Bacterial vaginosis (BV) is the most common vaginal condition in people with female anatomy who are between the ages of 15 and 44. It happens when there’s an imbalance of “good” and “bad” bacteria in the vagina.

Symptoms of bacterial vaginosis are usually pretty mild, and some people don’t have any symptoms at all. However, BV can increase the risk of catching sexually transmitted infections (STIs) because of the way the condition impacts vaginal chemistry. Bacterial vaginosis can also cause more serious problems, especially if you’re pregnant.

Bacterial vaginosis is treated with antibiotics. If you think you might have BV, it’s important to talk to a medical provider to make sure you get the right treatment.

What is bacterial vaginosis?

Bacterial vaginosis is an imbalance of “good” and “bad” bacteria in the vagina.

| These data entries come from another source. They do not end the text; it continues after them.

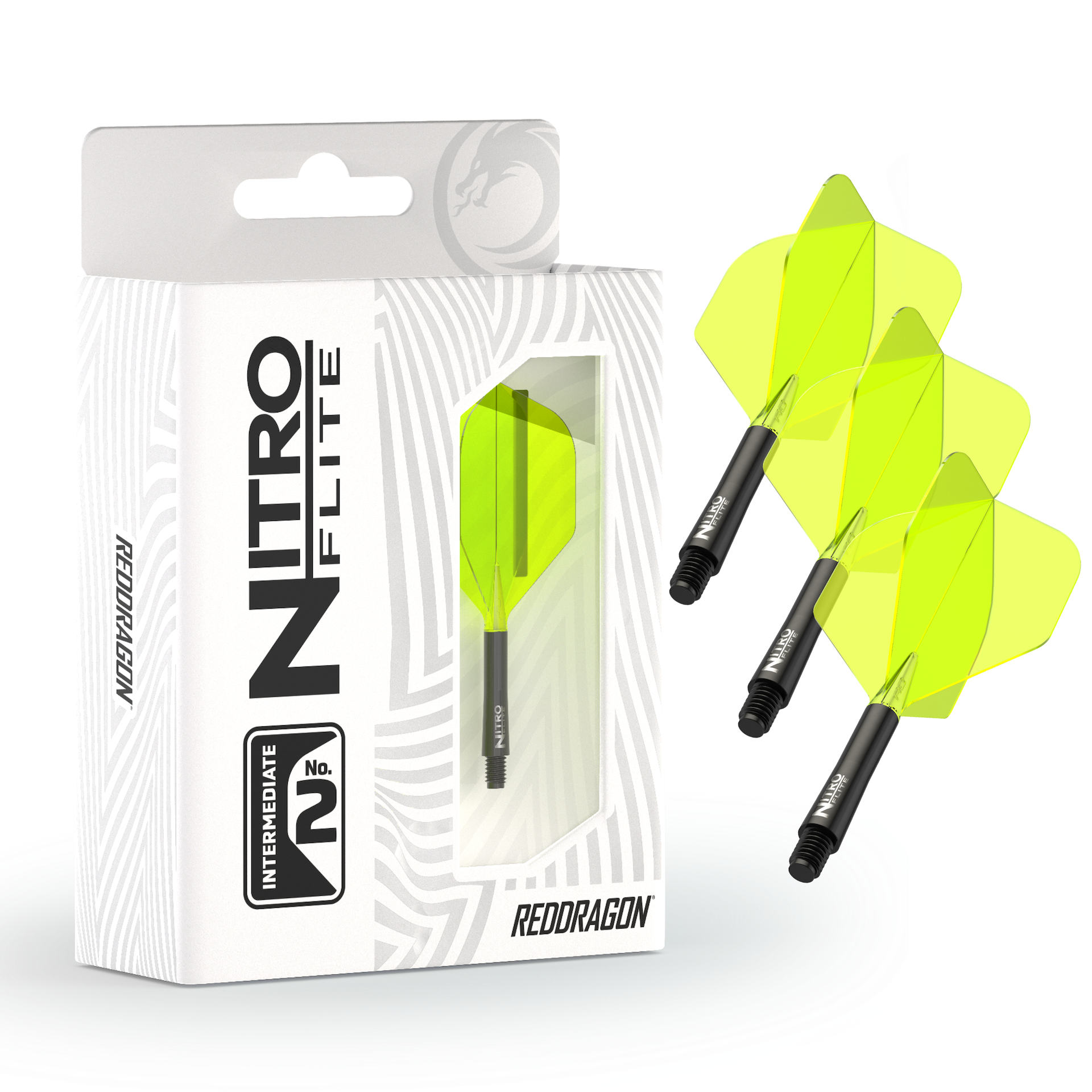 Red Dragon NITRO FLITE BLACK AND YELLOW - DreamDarts Dartshop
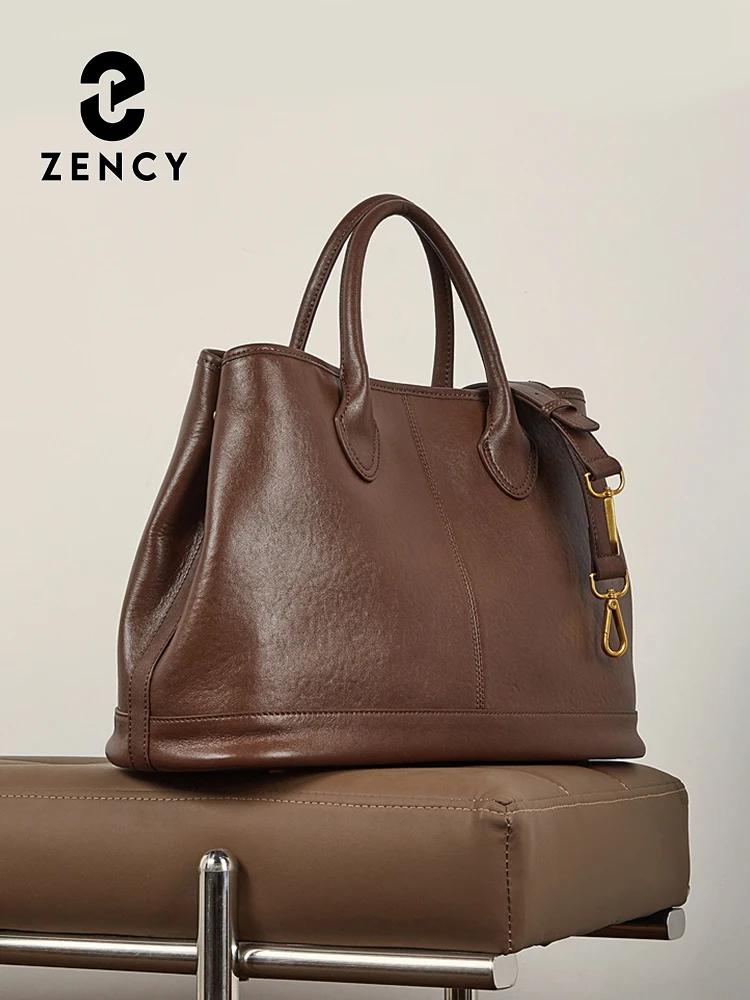 Sac Zency Femme 2026 en Cuir Naturel Grande Capacité, Sac à Main Noble, Sac Bandoulière Designer, Sa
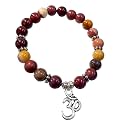 Young &amp; Forever Gift D'vine Lotus Lion Tiger Charm Crystal Natural Stone Reiki Yoga Bracelet for Mens Women (Moonkaite Jasper+Om Charm)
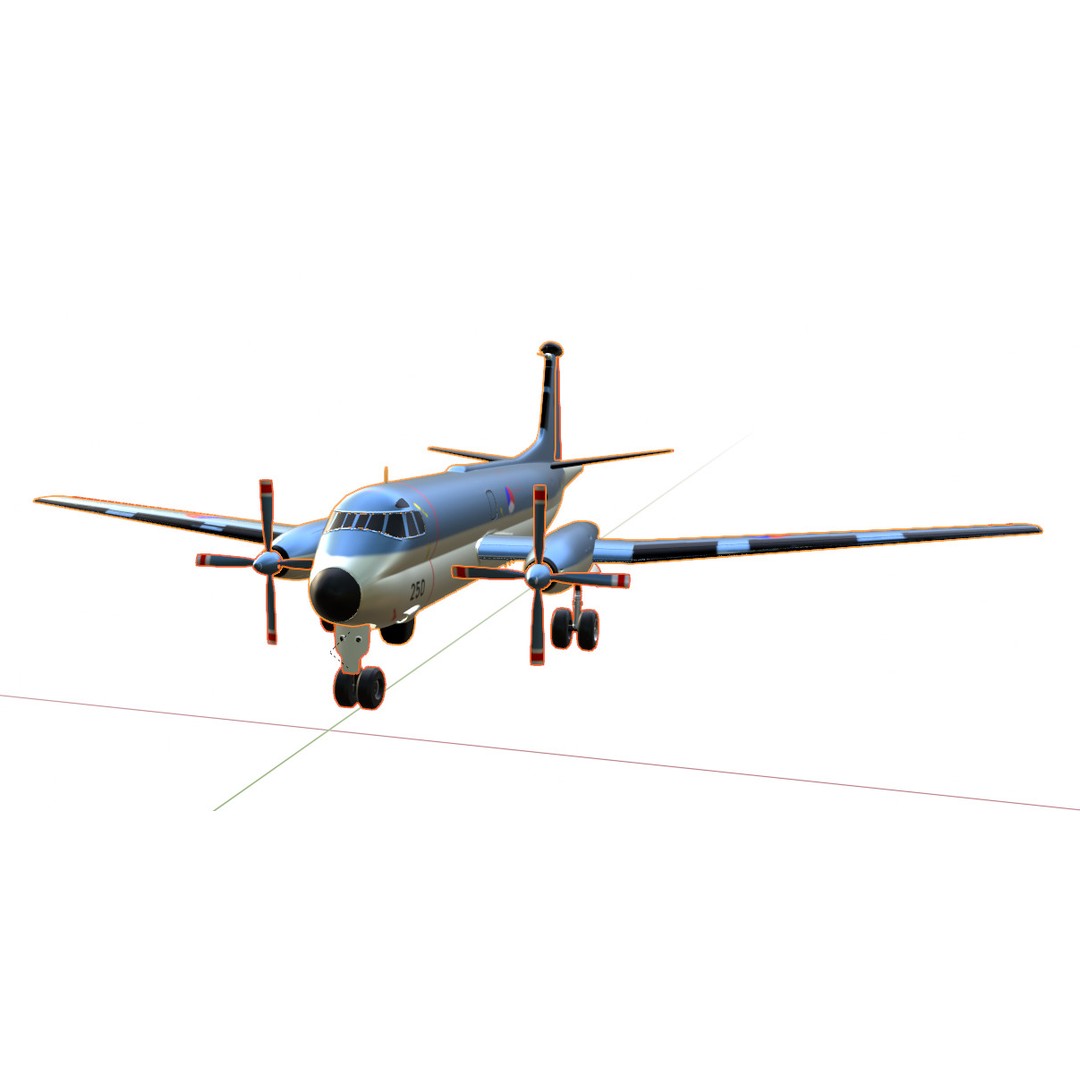 Dassault Breguet Br 1150 Atlantic 3D Model – Low-Poly Military Aircraft, FBX, OBJ - View 44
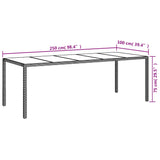 Garden Table Grey 250x100x75 cm Tempered Glass and Poly Rattan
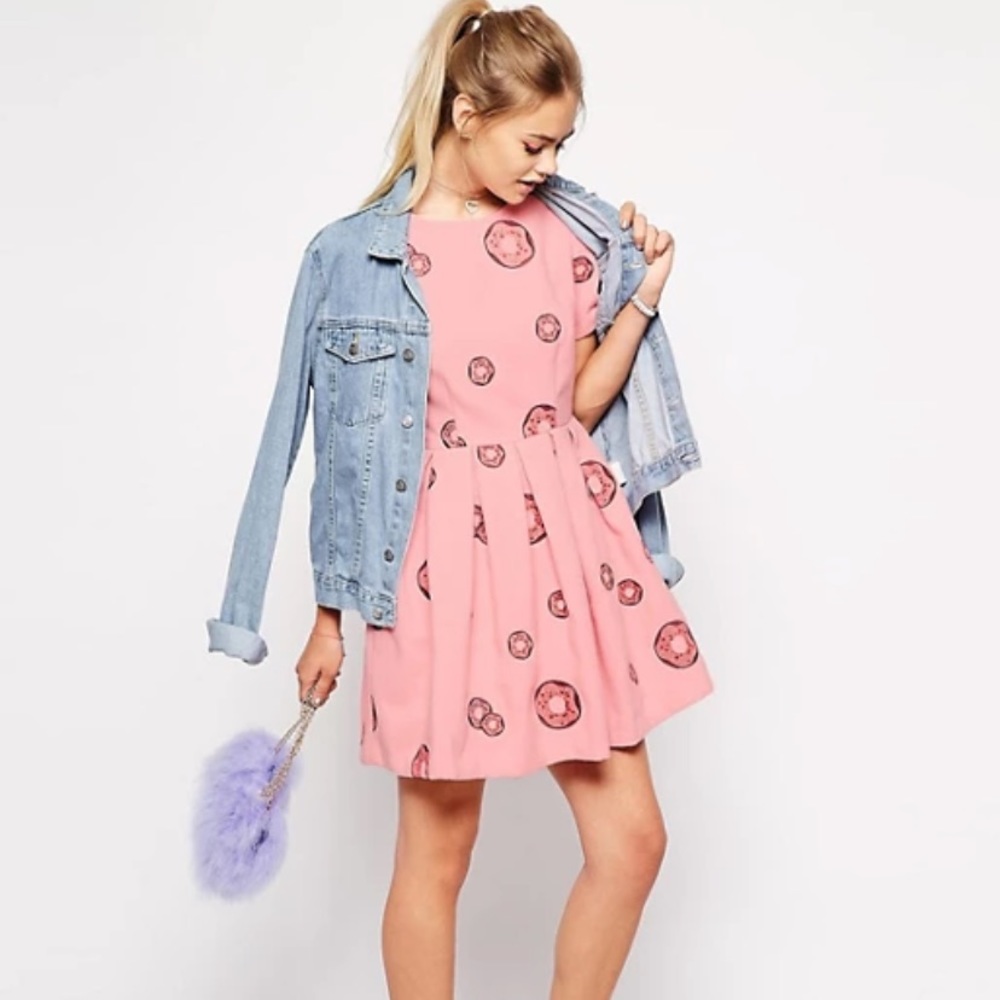 ASOS Nishe Prom Skater Dress with donut embroidery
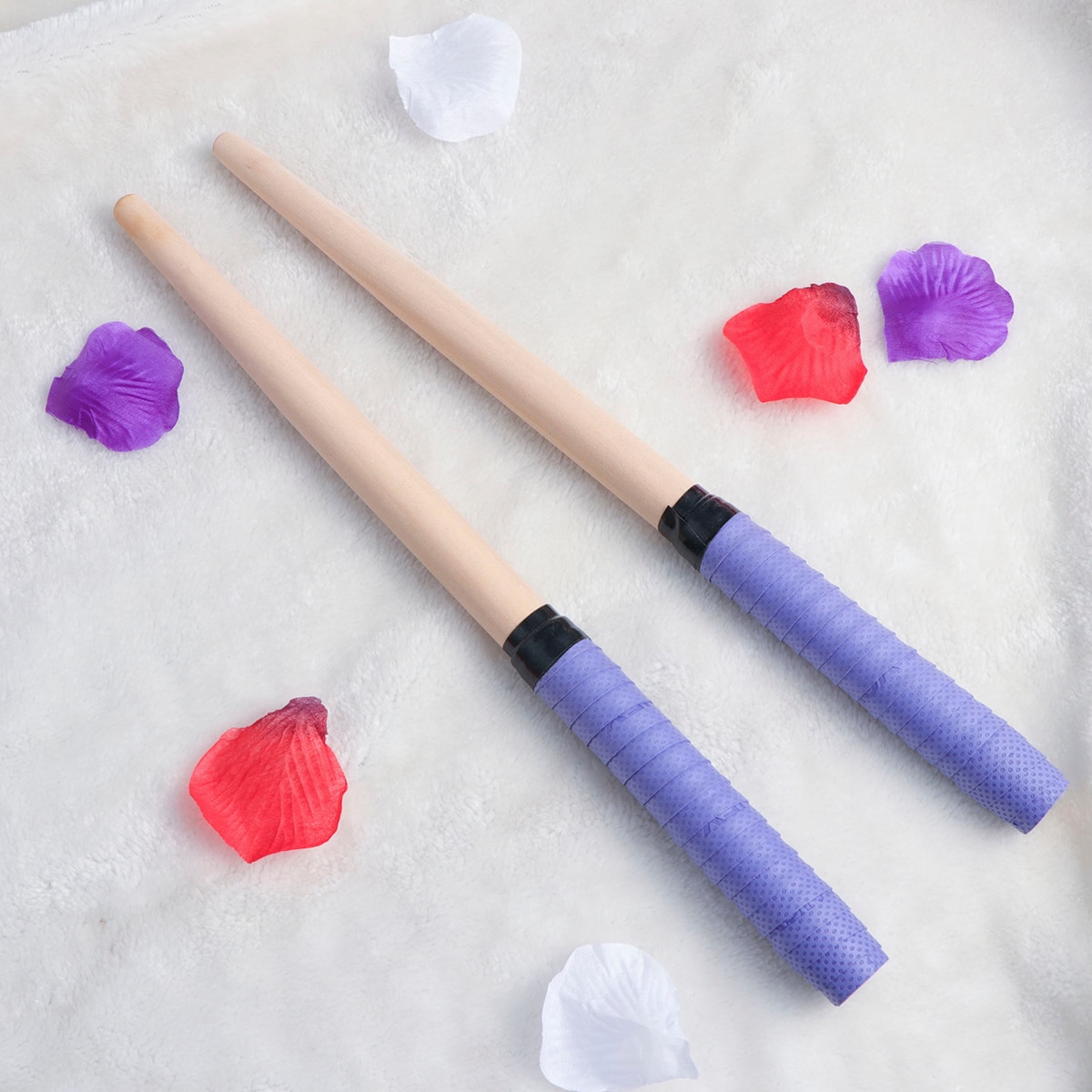 Purple Taiko Drum Sticks - 350mm Traditional Japanese Drumsticks Made From Zelkova Wood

When there aren’t enough “good” bacteria, other types can grow out of control and cause symptoms like vaginal discharge and a fishy odor.

A healthy vagina contains many different types of bacteria. The most common type is called Lactobacillus. It’s important to have mostly lactobacilli in the vagina because this type of bacteria helps protect the vagina from other, more problematic kinds of infection.

If there aren’t enough lactobacilli, other types of bacteria can grow unchecked. The most common bacteria associated with bacterial vaginosis is Gardnerella vaginalis.

Lactobacilli prevents infection in many different ways:

  • By producing lactic acid and other protective antimicrobial byproducts. Lactic acid lowers the pH of the vagina, making it more difficult for other infectious organisms to grow.
  • By competing for nutrients, so other “bad” bacteria can’t get the fuel they need to reproduce.
  • By taking up physical space, preventing problematic bacteria from growing and spreading, especially bacteria that cause sexually transmitted infections.

Is bacterial vaginosis an STI?

Bacterial vaginosis isn’t an STI. Sometimes people mistake BV symptoms for other problems like chlamydia or a yeast infection because it can cause vaginal discharge and an unpleasant odor.

The best way to know if you have bacterial vaginosis is to talk to a medical provider who can perform tests. However, your symptoms can also provide clues.

Bacterial vaginosis typically causes a thin, milky discharge along with a fishy odor. BV can also cause burning with urination and vaginal itching.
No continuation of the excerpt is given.